Quote from Swiss-Spirit :Oh dear...

I heard he caught the pieces of the MSC&Algy crash?

I read something like that on some websites

Otherwise a another pic :



E: again another pic

Quite amazing he brought it to the finish. I'm a bit surprised he never got black&orange flagged though.
Quote from GreyBull [CHA] :Quite amazing he brought it to the finish. I'm a bit surprised he never got black&orange flagged though.

I think Black and orange flag is for people that has loose part and is in a danger for other people.

Luckily Hamilton didn't get that
Yea, I imagine that hole in the sidepod would create massive ammounts of drag, on the up side I'm pretty sure his engine was nowhere near overheating tempreatures though.
You'd be surprised! The radiators will be designed to work at a certain pressure differential and flow rate. Change that (and this damage would have changed that - possibly decreasing the pressure differential) and the air won't cool properly - the air might go around the radiator rather than through it, or spill out of the sidepod intake.

Bearing in mind F1 engines probably run in the 110-120°C region (cooling system under considerable pressure, as demonstrated by Jenson when attacked by Seb), a little change in cooling could be race ending.

In short, Heidfeld was lucky. Sort of - maybe he'd have preferred damage related retirement to a poor finish.
Quote from JPeace :I disagree, I think that the Red Bull does not have the massive performance gap it did this time last year - and Hamilton could keep hold of him despite a broken floor tongue, which would have resulted in a massive loss of front downforce.

Your forgetting that Redbull didn't even have their KERS system on in Melbourne, i think once thats working you will see a bigger gap.
Quote from Mustafur :Your forgetting that Redbull didn't even have their KERS system on in Melbourne, i think once thats working you will see a bigger gap.

No, the car was based without KERS in mind.

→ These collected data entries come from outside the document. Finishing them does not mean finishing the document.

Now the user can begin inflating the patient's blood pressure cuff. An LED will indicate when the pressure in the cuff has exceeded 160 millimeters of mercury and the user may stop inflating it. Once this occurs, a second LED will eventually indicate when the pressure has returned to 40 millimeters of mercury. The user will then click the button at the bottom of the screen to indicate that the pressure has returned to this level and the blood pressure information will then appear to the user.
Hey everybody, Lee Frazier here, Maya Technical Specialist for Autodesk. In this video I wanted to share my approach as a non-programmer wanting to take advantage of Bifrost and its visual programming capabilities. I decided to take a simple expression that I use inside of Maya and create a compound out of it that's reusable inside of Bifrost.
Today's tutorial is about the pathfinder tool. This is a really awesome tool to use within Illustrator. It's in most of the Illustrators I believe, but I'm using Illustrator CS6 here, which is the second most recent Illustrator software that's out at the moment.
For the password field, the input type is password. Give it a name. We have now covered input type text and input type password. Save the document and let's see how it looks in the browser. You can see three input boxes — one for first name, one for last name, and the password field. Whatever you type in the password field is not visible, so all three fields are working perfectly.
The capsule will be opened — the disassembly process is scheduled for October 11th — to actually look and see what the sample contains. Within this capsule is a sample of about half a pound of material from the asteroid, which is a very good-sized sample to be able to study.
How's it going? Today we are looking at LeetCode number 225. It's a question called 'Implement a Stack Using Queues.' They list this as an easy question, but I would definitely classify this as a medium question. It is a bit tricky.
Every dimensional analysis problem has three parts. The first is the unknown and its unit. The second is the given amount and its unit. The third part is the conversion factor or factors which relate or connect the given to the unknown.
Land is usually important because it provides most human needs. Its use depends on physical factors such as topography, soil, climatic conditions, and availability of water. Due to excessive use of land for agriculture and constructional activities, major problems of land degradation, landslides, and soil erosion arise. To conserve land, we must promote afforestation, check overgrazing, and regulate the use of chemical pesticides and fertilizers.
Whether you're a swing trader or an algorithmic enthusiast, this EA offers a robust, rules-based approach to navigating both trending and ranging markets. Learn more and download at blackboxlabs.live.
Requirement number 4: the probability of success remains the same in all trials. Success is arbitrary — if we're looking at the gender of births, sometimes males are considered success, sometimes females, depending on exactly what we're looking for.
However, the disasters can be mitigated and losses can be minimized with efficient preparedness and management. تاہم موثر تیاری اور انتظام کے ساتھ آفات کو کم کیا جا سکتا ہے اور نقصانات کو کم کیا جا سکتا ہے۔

Their KERS system if they ever impliment one, will only be for one lap as a battery that doesn't recharge from what they keep saying.
Quote from BlueFlame :No, the car was based without KERS in mind. Their KERS system if they ever impliment one, will only be for one lap as a battery that doesn't recharge from what they keep saying.

Huh? KERS was used in practice but was unreliable so they did not use it for the race. The only people saying it was a short term kers or "start kers" were just speculators.

http://www.autosport.com/news/report.php/id/90310
Quote from BlueFlame :No, the car was based without KERS in mind. Their KERS system if they ever impliment one, will only be for one lap as a battery that doesn't recharge from what they keep saying.

The car was based with it in mind, the only reason why they took it off for qualifying and the race was due to reliability.
The RedBull through the high speed chicane was a good 17kph up on anything else if I recall correctly. Translate that to the more aero dependant tracks and the RedBull could disappear into the distance.

One saving grace is that McLaren have rushed through some developments so there is room for improvement there. Also they seem to be good on their tyres. And Webber proved that the RedBull isn't automatically rapid.
I just don't think Melbourne gives much representation of the season to follow. McLaren have potential in their car that they haven't developed. The Renault is quick, but Petrov will still need a bit more time to acclimatise to leading a team and making the most of it. Mercedes I think will be quicker at other tracks judging by the cars apparent strengths and weaknesses. And Red Bull look as though they might be a bit harder on their tyres.

Perfect. Fast cars that eat tyres. Slower ones that look after them. Unpredictable racing.